Nous avions l’idée de prendre un café au Graskop Gorge Lift & Adventure Centre. Le coût d’accès au site nous en a dissuadé. De plus, la vue était complètement bouchée par l’épais brouillard du matin qui ne s’était pas encore dissipé. Pour les amateurs de sensation forte, c’est la place : zipline, Big Swing et ascenseur panoramique descendant à 51 mètres au cœur de l’ancienne forêt afromontagnarde et offrant une vue imprenable sur l’escarpement du Drakensberg.
Nous avons roulé sur la route R533 en direction de Pilgrim’s Rest(15km de Graskop). Cette route est superbe, traversant des paysages de monts et de collines couverts de prés d’herbe rase, de maquis et de bosquets. C’est presque La route de l’impossible; elle serpente des falaises vertigineuses. J’ai eu un coup de cœur pour ce coin de pays montagneux, verdoyant et au relief peu banal.
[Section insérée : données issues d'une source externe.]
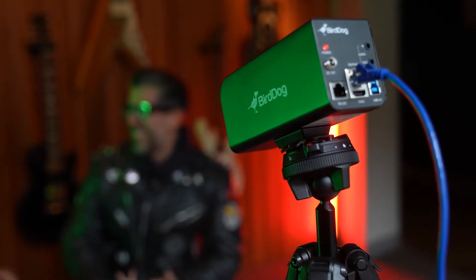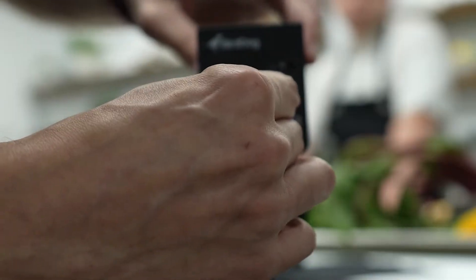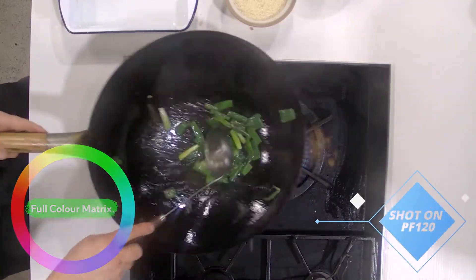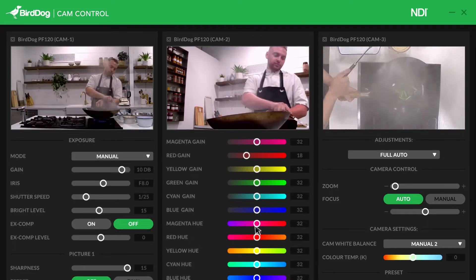The PF120 is part of the overall BirdDog family of NDI cameras. It features full NDI in high bandwidth as well as conveniences such as power over ethernet for single cable operation. It also has the world's only color matrix control over NDI, allowing you to get that image shot to be truly true to life.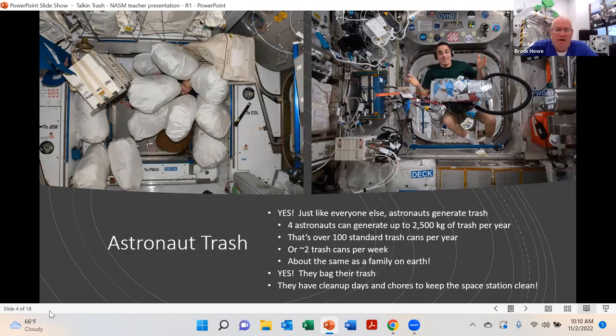Astronauts do generate trash — basically four astronauts can generate up to about 2,500 kilograms of trash per year. That's over about a hundred standard trash cans, or about two trash cans a week — about how much my family generates. But that's not so easy on the International Space Station. Yes, they generate trash; yes, they recycle lots of things; and they have to bag their trash. You can see lots of trash bags around the astronaut there inside the space station. They have special cleanup days just like we have at home.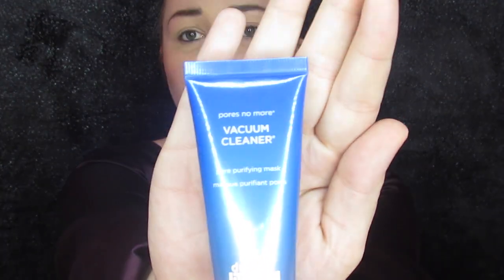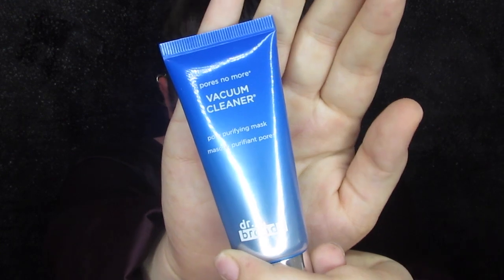The first thing we have is this Dr. Brandt Pores No More Vacuum Cleaner, which retails for $47. I haven't used this yet, but we've gotten two Dr. Brandt items that I've personally gotten. The primer I was not a fan of, but the skincare I absolutely love — I still use it a couple times a week to exfoliate. I'm definitely going to try this out tonight. Dr. Brandt skincare is super good, super luxe, super expensive. I can't afford to buy it myself, so it's good I'm getting it — though if I fall in love with it, I can't afford to rebuy it.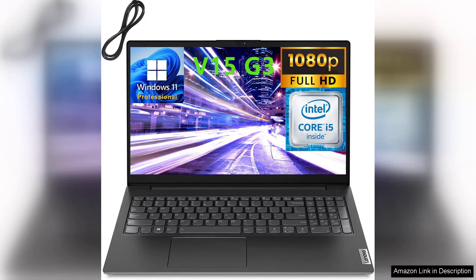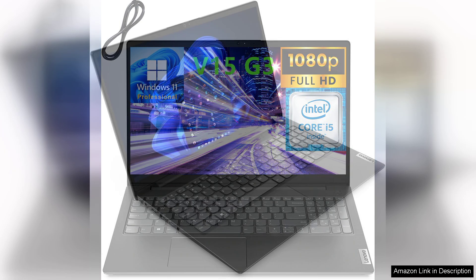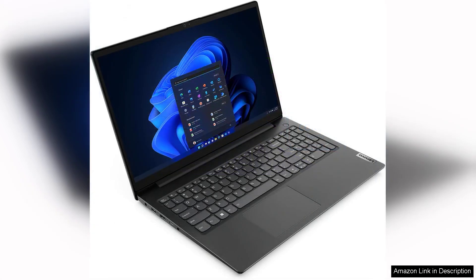The Lenovo 2023 V15 G3 15.6-inch business laptop is a commendable addition to Lenovo's lineup, especially for professionals seeking a reliable and affordable workhorse. Equipped with a 12th gen Intel processor, this laptop delivers impressive performance for multitasking and demanding applications.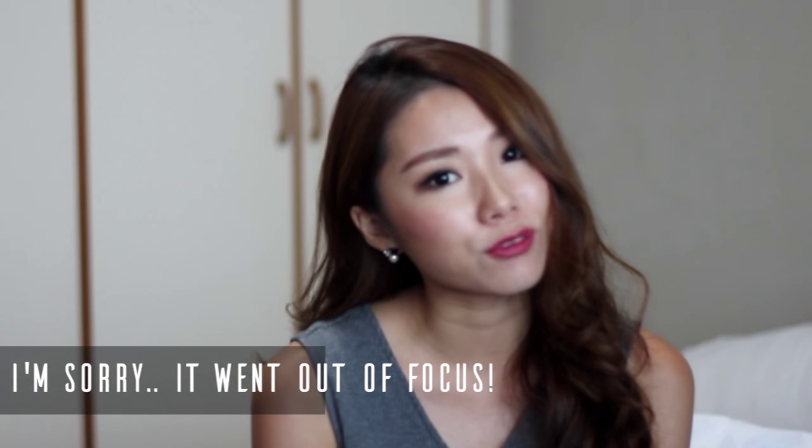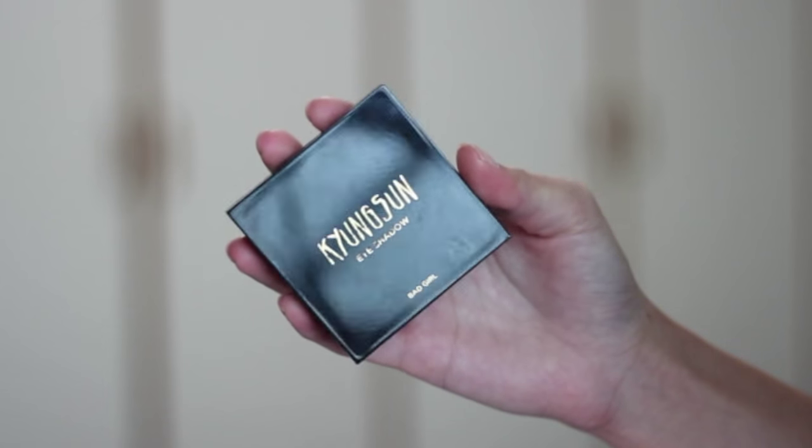Now it's time for makeup favorites! This month I don't have a lot because I really haven't been shopping much. One of my favorites is this eyeshadow palette — it was a surprise gift from Matt. It's the Kyong Sun Eyeshadow Quad called 'Bad Girl' and it's from Mimibox, which is a brand from Korea. Kyong Sun is a YouTuber who does makeup looks and beauty tutorials, and she teamed up with Mimibox to create her own quad.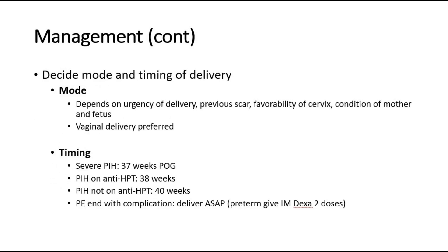Other management includes deciding the mode and timing of delivery. The mode of delivery depends on the urgency, any previous caesarean section scar, favourability of the cervix, and the condition of the mother and fetus — with vaginal delivery being most preferred. Timing depends on the mother's condition: deliver at 37 weeks for severe PIH, 38 weeks if on antihypertensives, up to 40 weeks if not on antihypertensives, and as soon as possible if preeclampsia results in complications.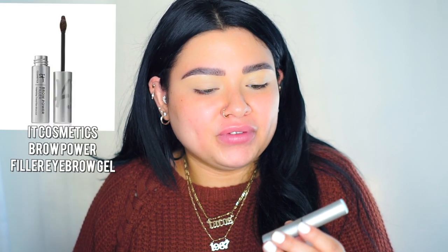I already primed my lids - I used the new Makeup Forever Matte Velvet Skin concealer on my eyes. I would have loved to get it in a lighter shade but that's what I'm using. I already went ahead and did my brows using the Brow Power Filler, a new product from IT Cosmetics. I'm trying out new products so we'll see how it goes.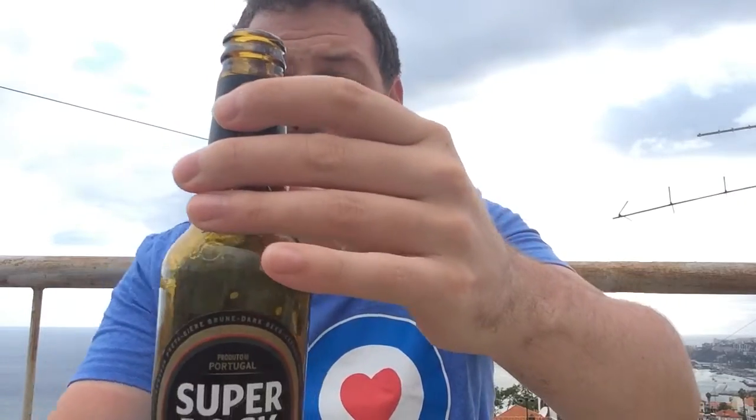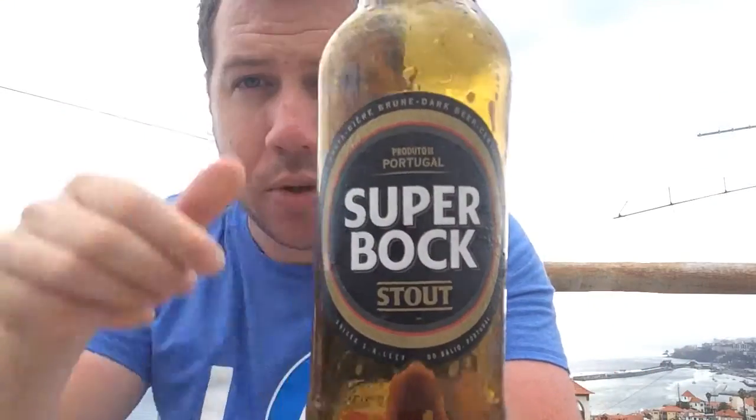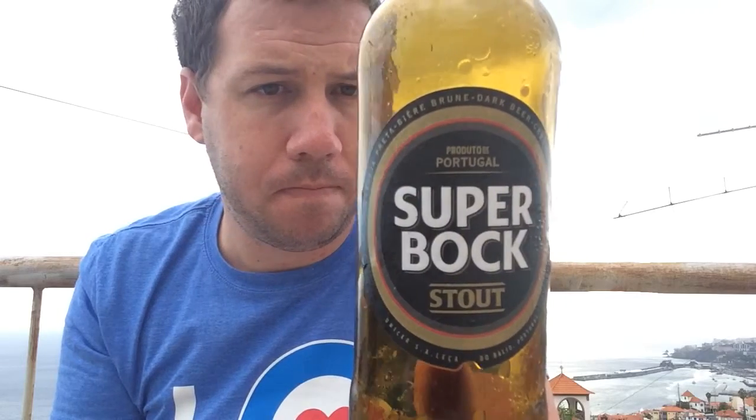It's decent, it's not outstanding, it's okay. Check Superbok Stout out. It's 5% ABV - if you can read Portuguese there's some information there. Excuse the noise - if you can speak Portuguese there's some more information there.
Le petit village de Pilgrim’s Rest nous a charmé. C’est un ancien village de mineurs, restauré avec soin pour le tourisme et la mémoire. On y découvre un vrai village-musée de chercheurs d’or, comme à la fin du XIXe siècle, avec des maisons d’époque, la plupart restaurées, réparties sur des 2 côtés d’une rue unique. Nous avons pris un café au petit restaurant Pilgrim’s Pantry avant de reprendre la route en direction de Hazyview.


Sur notre trajet, nous avons vu un singe et trois autruches. Nous étions tout excités! À notre arrivée à notre hébergement, le Masasana’s Rest, le gardien des lieux nous a demandé de revenir à 14h, heure du check in. Nous avions trois heures devant nous. Nous sommes retournés au centre-ville, situé à 6km de là, et avons pris le temps de dîner et de faire quelques achats et emplettes aux deux grands centres commerciaux.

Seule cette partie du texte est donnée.